Secondly, none of the bidders can present a financing plan to the banks within such a short time under such uncertain circumstances.
The bidders have raised the issue of conditions related to the venture's viability and about the private investors relations with IEC. The tenders committee told the bidders that regulatory issues related to the telecommunications industry are in the hands of the Ministry of Communications, not the tenders committee, which cannot therefore answer the bidders' questions.
The parties involved in the tender face growing pressure, because IEC realizes that the venture may not find bidders under its current terms.
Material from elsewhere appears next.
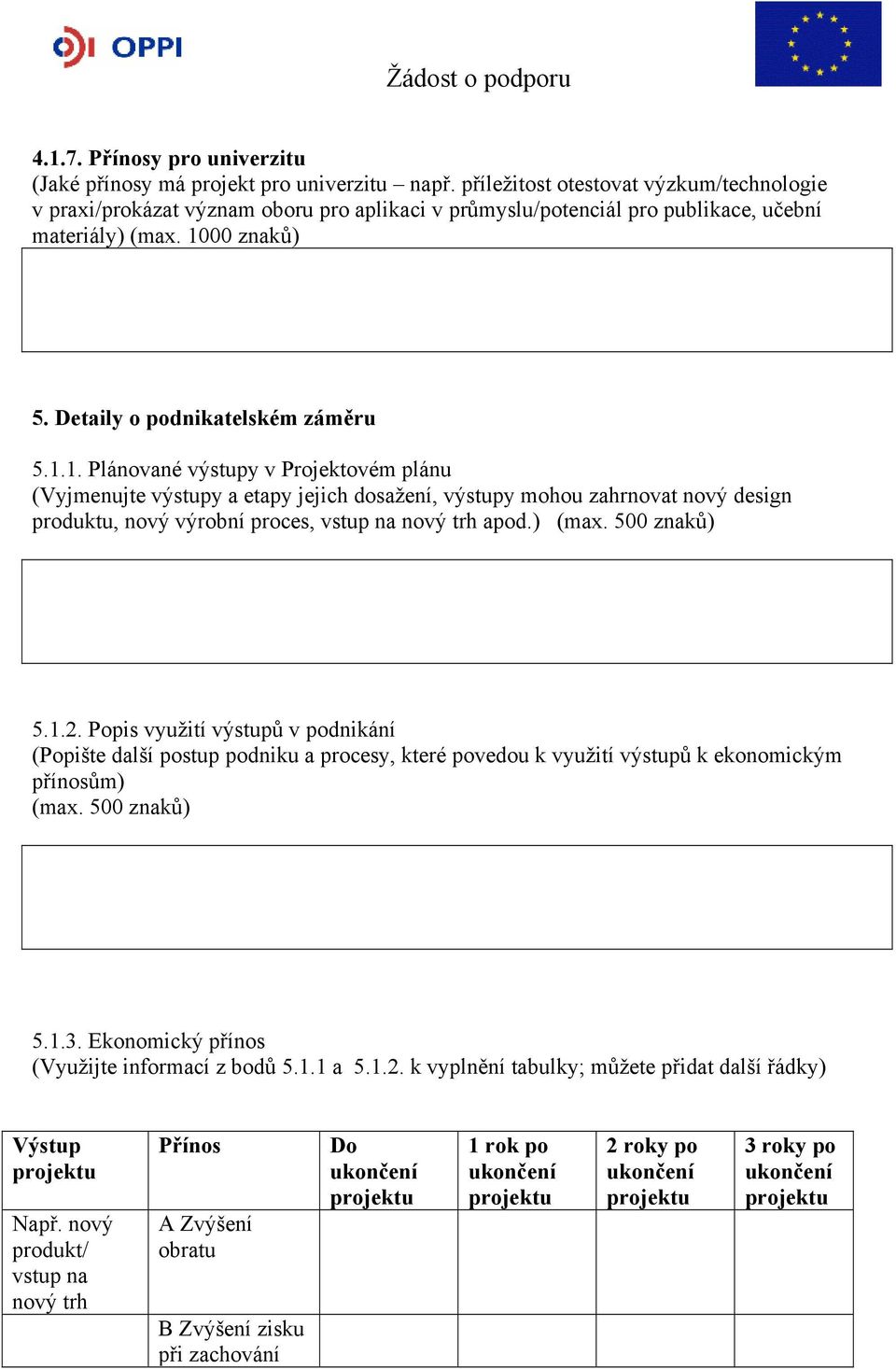 00 znaků) 5. Detaily o podnikatelském záměru 5.1.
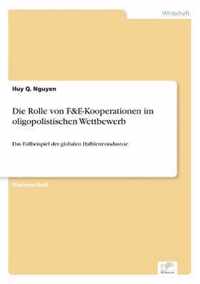 Die Rolle von F&E-Kooperationen im oligopolistischen Wettbewerb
The lack of clarity about developments in the market and questions arising from HOT Telecommunication Systems Ltd's (TASE: HOT) last sales offer have had an effect, and the tender committee members realize that it is up to the Ministry of Communications to move the tender forward.
The bidders support the participation by mobile carriers Cellcom Israel Ltd. (NYSE:CEL; TASE:CEL) and Partner Communications Ltd. (Nasdaq: PTNR; TASE: PTNR) in the venture, with stakes of up to 10% each, as they will be the venture's potential customers. However, the carriers are demanding in exchange price controls on Bezeq Israeli Telecommunication Co. Ltd. (TASE: BEZQ) and HOT's infrastructures, and to compel them to sell infrastructures cheaply until the IEC venture deploys its fiber optic network nationwide.